BEGIN Data section

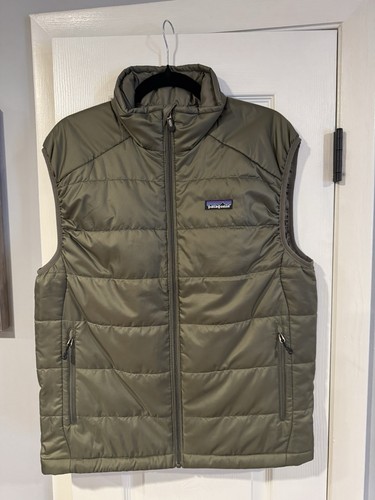 Gilet isolato vintage - gilet,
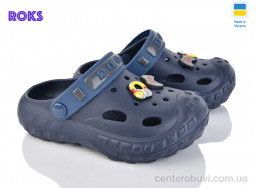 Кроксы Roks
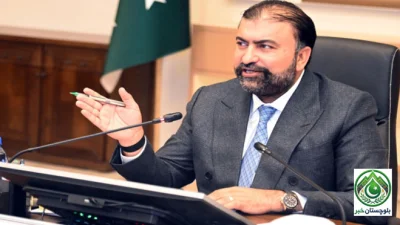 22nd session of State Defence Conference in Balochistan, discussion on peace, development and security measures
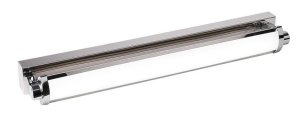 Nástenná lampa do kúpeľne nad zrkadlo LED 7W variabilná farba Swing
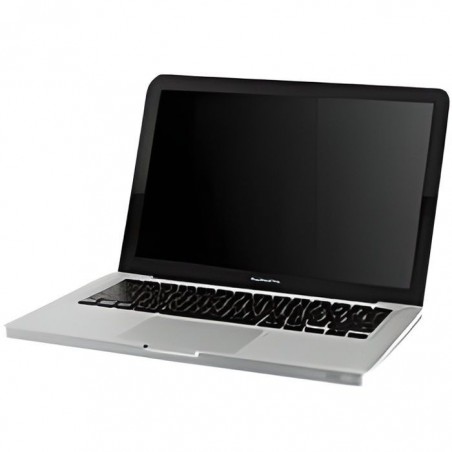 MACBOOK PRO 13 POUCES - CORE 2 DUO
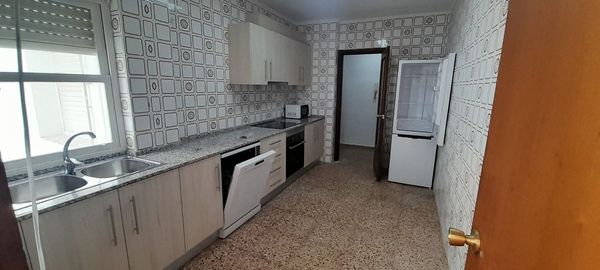 Piso En Alquiler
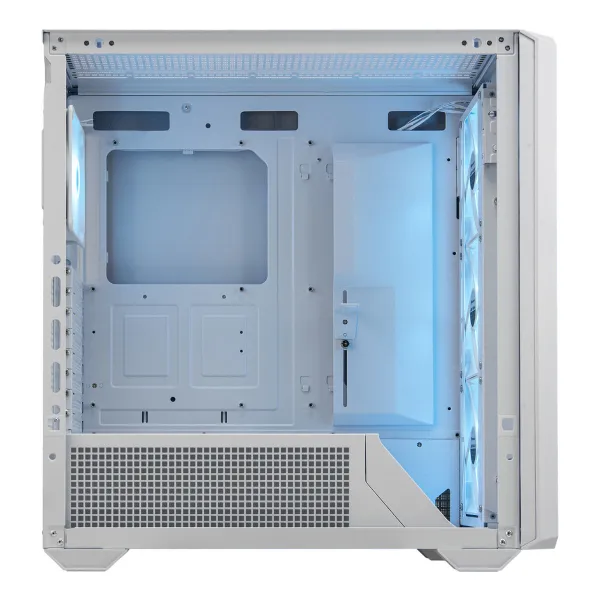 ATX Pus-torņveida Kārba Cougar MX600 Rgb Balts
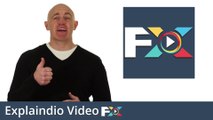 Explaindio Video FX Review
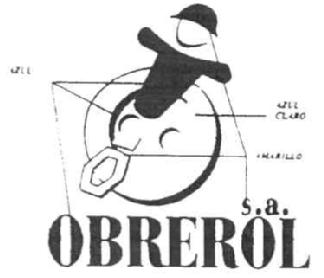 OBREROL S.A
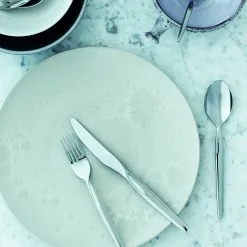 Gense Cubertería Twist 16 Piezas -Menaje de mesa Ventas p 13591 01 03 fcf32a4a76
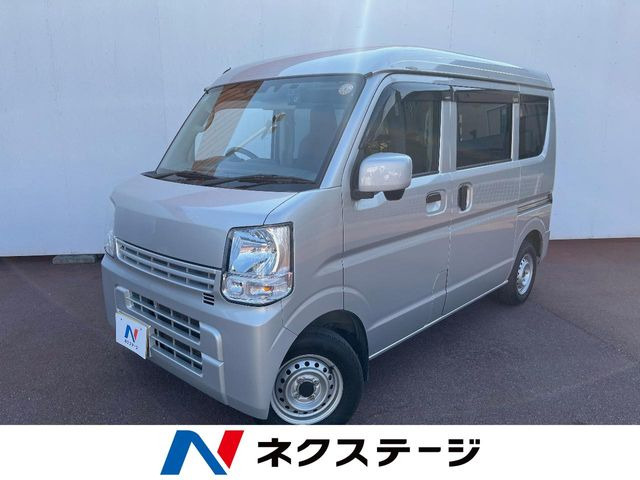 エブリイ PC リミテッド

END Data section

**What is being asked:**
The lines to write out run from the one containing "Explaindio Video FX Review" through the final line of the material above, both included; write them out exactly, with no pictures.

**Task solution:**
 Explaindio Video FX Review
 OBREROL S.A
 Gense Cubertería Twist 16 Piezas -Menaje de mesa Ventas p 13591 01 03 fcf32a4a76
 エブリイ PC リミテッド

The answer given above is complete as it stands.